C'était le feuilleton média de la semaine. L'Union européenne a coupé le signal des médias russes Sputnik et RT France, ce mercredi 2 mars à 16h, ces derniers étant accusés de participer à "la machine médiatique du Kremlin". Une interdiction temporaire d'émission décidée en représailles à l'invasion de l'Ukraine par la Russie le 24 février dernier.
La présidente et directrice de l'information de RT France, Xenia Fedorova, digère mal cette fermeture brutale de la chaîne lancée le 18 décembre 2017. Elle y voit "une forme de censure" ainsi qu'un "précédent dangereux pour la liberté d'expression". Elle déplore, dans une interview à "L'opinion", que sa chaîne soit interdite parce que "financée par de l'argent public russe, et non pour des fautes qu'elle aurait commises".
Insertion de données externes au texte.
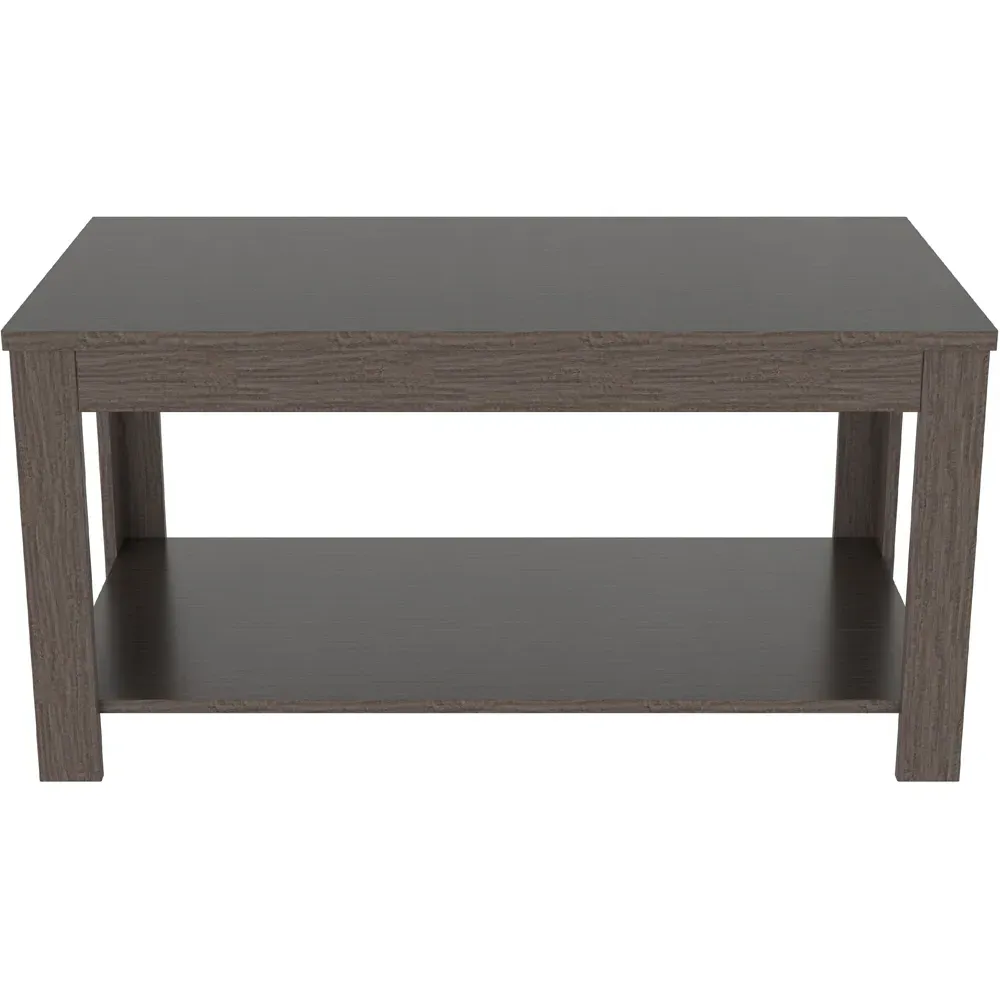 Calibre Coffee Table with Storage - Grey, Oak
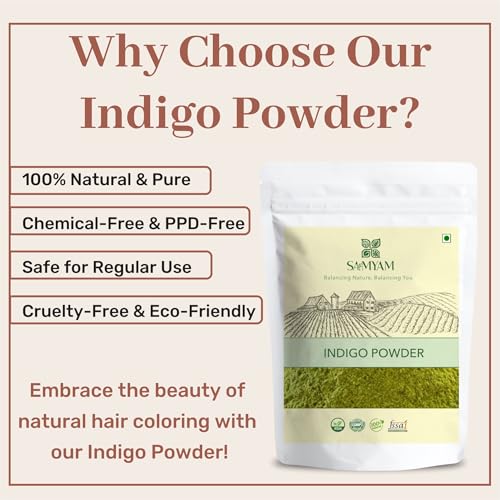 Combo Polvo Henna e Indigo SAMYAM 500g x2 miniatura 4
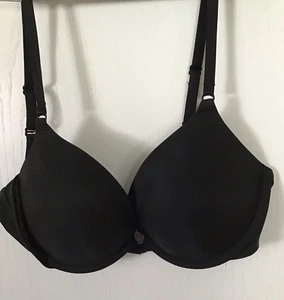 VICTORIAS SECRET*BH PUSH UP SCHWARZ GR 34C /75C WIE NEU TOP - Bild 1 von 5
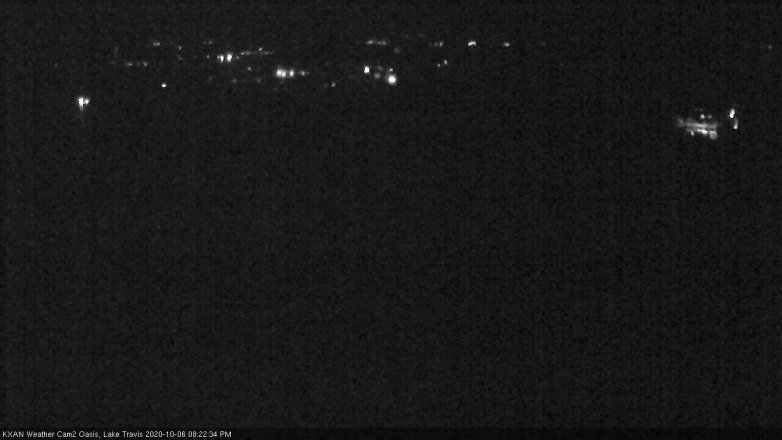 Lake Travis webcam, October 6, 2020 8:25 PM CT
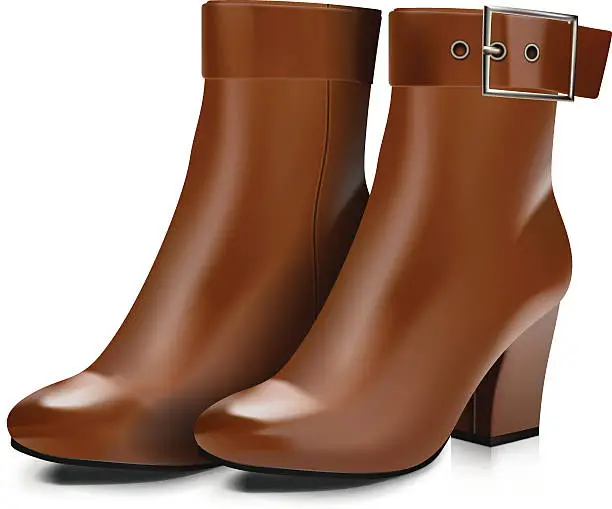 Vector illustration of Ankle Boots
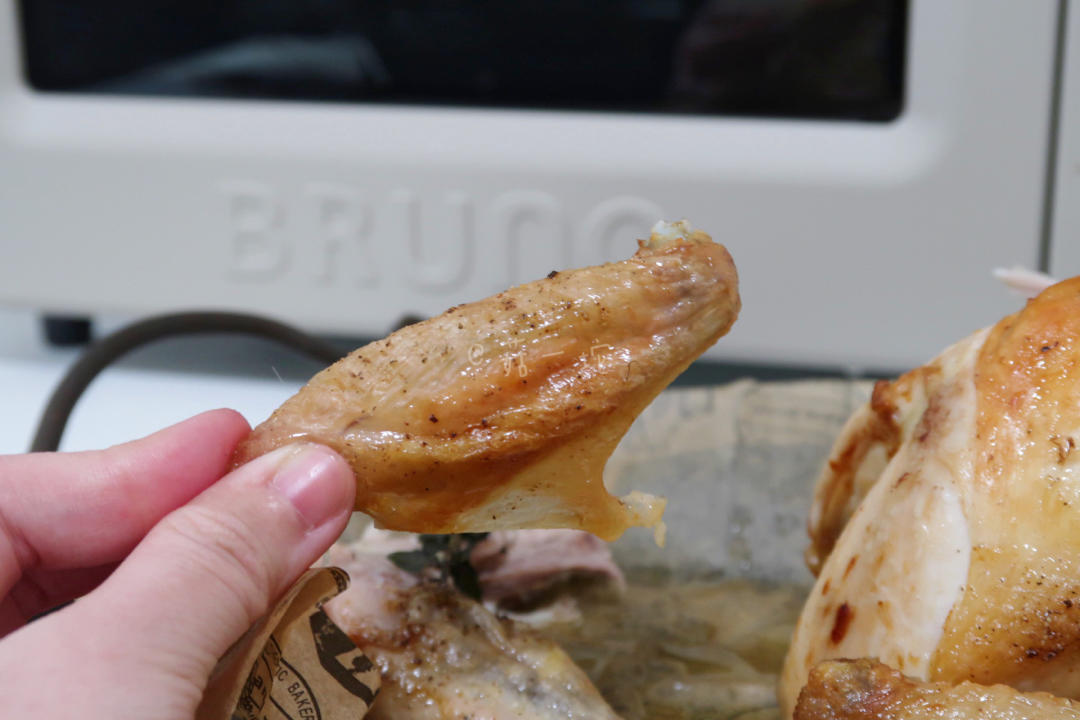 Bruno烤箱丨无需提前腌制的脆皮烤鸡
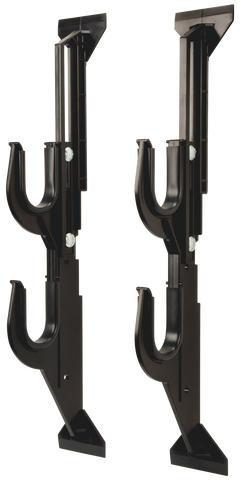Allen 17450 Gun/Accessory Rack Black Plastic Window Mount - Holds 2 — view 2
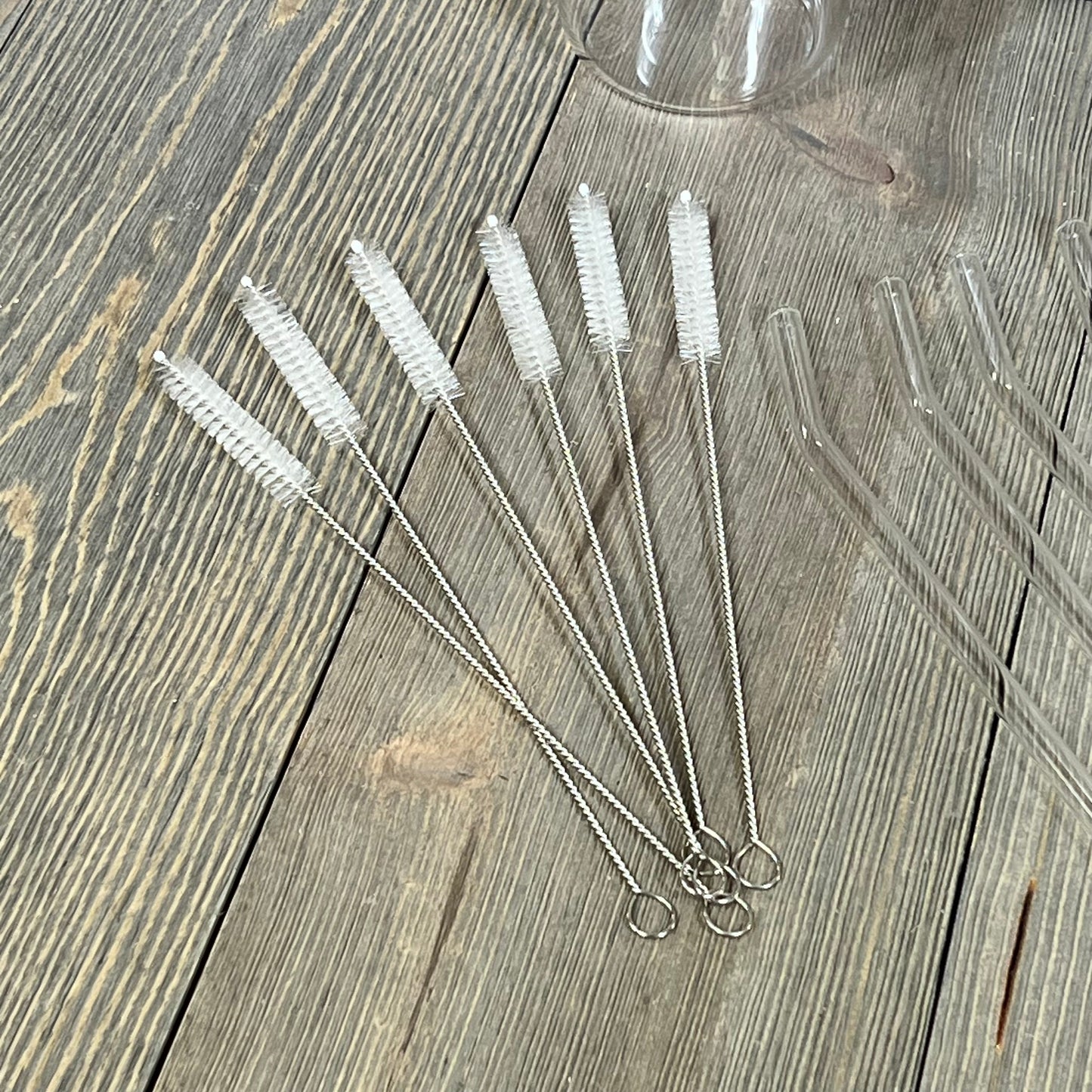 Cleaning brushes for Maxcheck Teacher Appreciation Cups, perfect for maintaining 16 oz glass cups with straw and lid.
"La différence dans notre couverture est que nous avons également présenté le point de vue russe et que nous avions une équipe dans le Donbass. Nos journalistes ont présenté toutes les positions dans le respect du pluralisme et de la diversité des opinions. C'est très important pour comprendre la complexité de ce type de conflit. Cela ne veut pas dire prendre parti", argumente Xenia Fedorova.
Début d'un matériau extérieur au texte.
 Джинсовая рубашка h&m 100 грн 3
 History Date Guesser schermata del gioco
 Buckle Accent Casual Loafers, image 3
"Cette décision de nous bannir ne s'est inscrite dans aucune procédure contradictoire et elle n'est absolument pas proportionnée. On ne résout pas un conflit en fermant un média", s'insurge encore la présidente de RT France, qui tacle le silence des autorités françaises. "Personne ne nous a informés des décisions qui ont été prises, à aucun moment. Nous apprenons toutes les décisions qui nous concernent dans la presse."
Si les avocats de RT France "travaillent sur tous les recours pertinents", Xenia Fedorova ne se fait guère d'illusions quant à un retour de RT France même dans l'hypothèse où la guerre s'arrêterait. Emmanuel Macron a, selon elle, toujours été sur "une ligne anti-RT", et ce, bien avant qu'il soit élu président de la République.
A court terme, son objectif est donc d'accompagner dans les procédures administratives les 176 salariés de la chaîne, parmi lesquels 100 journalistes. "Pour le moment, des salariés sont mis en dispense d'activité et une petite équipe continue à couvrir l'actualité pour notre site web qu'il est encore possible de consulter hors de l'UE", précise Xenia Fedorova, qui l'assure : "Si nous ne pouvons pas garantir la poursuite de l'activité, nous devrons être sûrs que les salariés obtiennent ce que le droit du travail leur accorde, ainsi qu'une assurance-chômage."
Quant à l'avenir financier de la chaîne ? "Nous avons des problèmes avec la réception des fonds pour maintenir notre activité et, si la situation ne change pas, la liquidation de la société pourrait être notre seule option", conclut-elle.